**SUPPLIED MATERIAL**
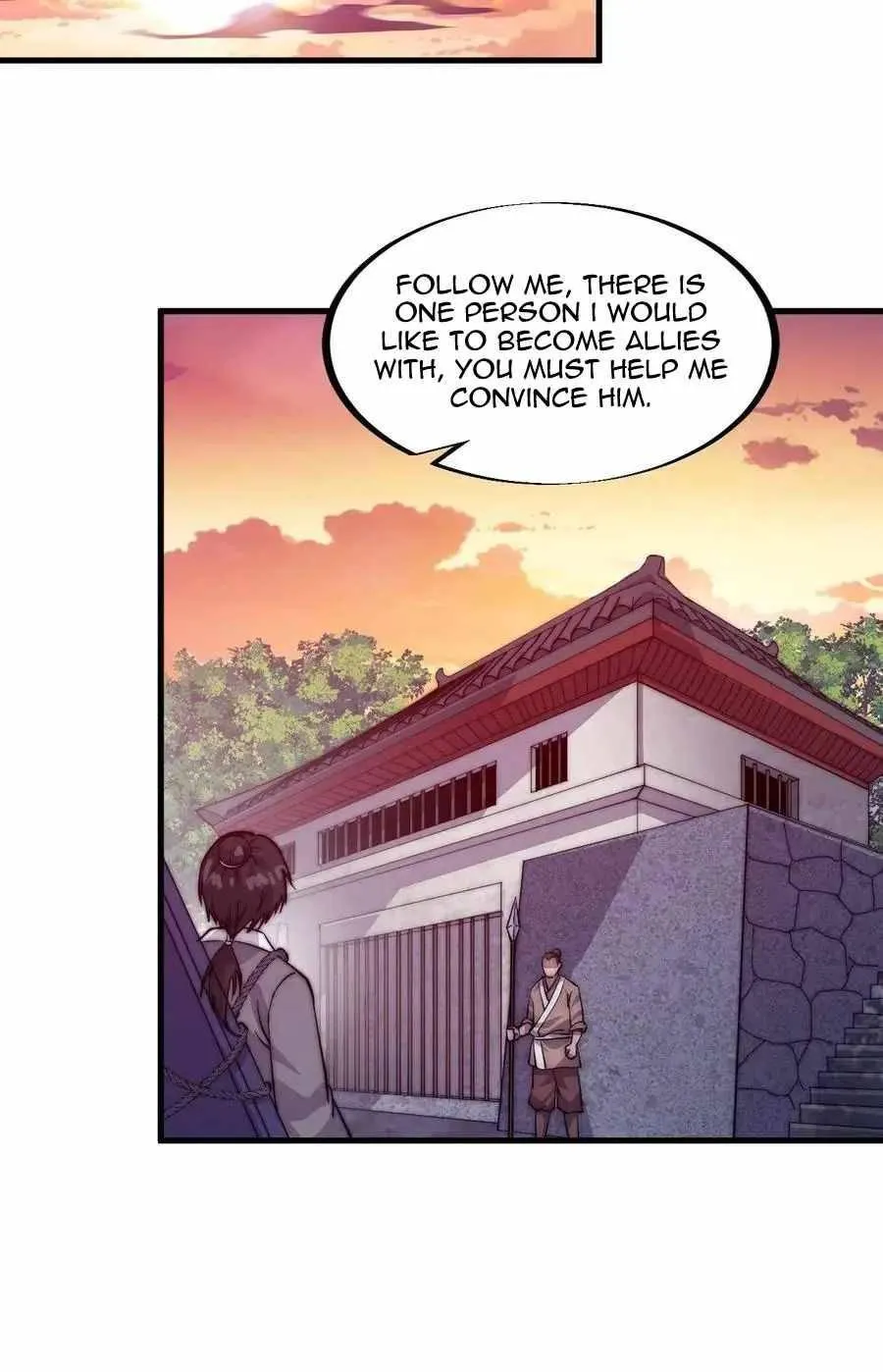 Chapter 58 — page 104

--

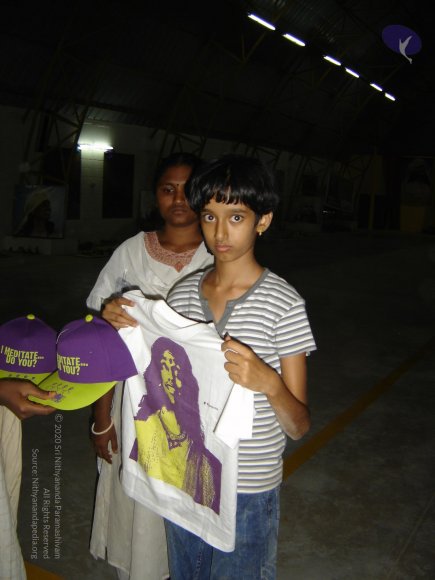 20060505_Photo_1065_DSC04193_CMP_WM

---

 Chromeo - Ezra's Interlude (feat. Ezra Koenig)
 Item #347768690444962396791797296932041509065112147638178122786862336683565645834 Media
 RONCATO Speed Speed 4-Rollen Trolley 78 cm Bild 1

**TASK DESCRIPTION**
Nothing but the lines above from the one containing "Chromeo - Ezra's" through the one containing "RONCATO Speed Speed" should appear in the answer, each repeated exactly.

**SOLUTION FOR THIS PROBLEM**
 Chromeo - Ezra's Interlude (feat. Ezra Koenig)
 Item #347768690444962396791797296932041509065112147638178122786862336683565645834 Media
 RONCATO Speed Speed 4-Rollen Trolley 78 cm Bild 1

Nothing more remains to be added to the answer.